The tall Swede, looking like a grown-up Boy Scout on a jamboree, stood before a scarred building in Sortavala and laughed delightedly. Prince Gustaf Adolf, 35, who will one day be Sweden’s King if his longevous royal grandfather (83) and father (60) die in time, was on a tour of Finland’s Russian Front. His Finnish guides had just shown him a church which the preposterous Russians had converted into a combination stable and restaurant. On the wall was a poster saying: OBSERVE CLEANLINESS.

The Prince and his escort moved on. They had passed from Finnish soil to soil the Russians had stolen from Finland; now they moved on to soil the Finns had just stolen from Russia—ancient Karelian soil, not Russian, said the Finns. As they went the Finnish officers explained why Finns keep on fighting Russia.

They need not have explained. His Royal Scandinavian Highness understood very well. First, he knew, there was race. Gustaf Adolf knew perfectly the feeling of the blond north countrymen for the Slavs: his great namesake, Gustavus Adolphus, had fought the Muscovites at Great Novgorod, and Charles XII nearly crushed the Russian Peter called Great. The hatred was old in the blood.

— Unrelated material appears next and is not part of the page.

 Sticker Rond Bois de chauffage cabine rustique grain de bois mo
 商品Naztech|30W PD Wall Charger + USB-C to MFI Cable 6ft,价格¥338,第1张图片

But more important than race was nation. The Finns had spent over 100 years as Russian subjects hungry for nationhood. They had achieved nationhood only after World War I. Now they wanted national boundaries they could defend, and that, to them, meant all of Sovietized Karelia.

The young Prince had other reasons for understanding. Now, as always, Sweden was very close to Finland. Sweden had acted as go-between in the exchange of notes in which Britain demanded that Finland stop fighting Russia (TIME, Oct. 6), in which Finland last week refused. Sweden, like Finland, was squeezed between the great belligerents.

What about this business of fighting shoulder to shoulder with Germans? That, too, Prince Gustaf Adolf could understand. He was married in Germany to a German princess; he had often been in Germany: he had seen.

Tough old Vaino Tanner, Finland’s Minister of Commerce and Industry, who had also been to Germany, had that very afternoon protested that the Finns were not Nazis: “The Finns are Democratic and want the parliamentary system, as they have heretofore. I want especially to point that out to some circles abroad who may believe that Finland is moving in another direction. We don’t lose our heads. Finland regards herself as Nordic. . . . We must try for a more definite form of cooperation with other Scandinavian countries.”

There were only three other Scandinavian countries: Sweden, Norway, Denmark. Two of them were under the heel of the bogus Nordics, the Nazis.

Gustaf Adolf, future King of the Swedes, could believe that the Finns were fighting for two principles which one day would be the undoing of Nazi Germany: the self-determination of nations, no matter how small, and collective security. And even if the Germans tried later to prevent the realization of those principles, the Germans, for their own reasons, were helping them to fight their fight.

Gustaf Adolf and his escort came to a rise by the river Svir called Mannerheim Hill. As the young Prince stood on the hill Russian artillery shells whistled over his head—and behind him blond men were killed. Yes, he understood why Finns fought.